To manage virtual hard disks outside of Hyper-V, right-click Disk Management and choose Create VHD, which starts the wizard. In the wizard, you need to decide where you want to save the VHDX file on your hard drive and what size the hard disk should be. At this point, you also determine whether the disk can grow or whether you want to use a fixed size.

If you select Attach VHD, you can connect an existing disk to the computer (Figure 1). You can double-click a VHD(X) file to this, too. After you have created the virtual hard disk, Windows displays it in Disk Management, and you can manage it like any other disk.

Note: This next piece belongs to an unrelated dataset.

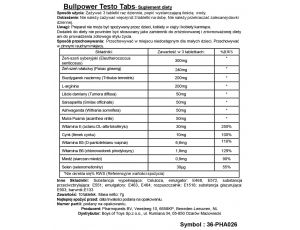Tabletki pobudzające Bull Power Testo Pharmquests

Associating VHDX disks directly with the operating system as data storage without Hyper-V.
Figure 1: Associating VHDX disks directly with the operating system as data storage without Hyper-V.

If you still use VHD files, you can convert these to VHDX files with the Hyper-V Manager or the Convert-VHD PowerShell cmdlet. In Hyper-V Manager, click the Edit Disk action to launch the corresponding wizard. Load the VHD file and start the conversion in the wizard by choosing Convert.


In the scope of the conversion, you can select the disk format and also change the disk type (i.e., Fixed size or Dynamically expanding). The Convert-VHD cmdlet is available after installing Hyper-V on Windows 8, as well.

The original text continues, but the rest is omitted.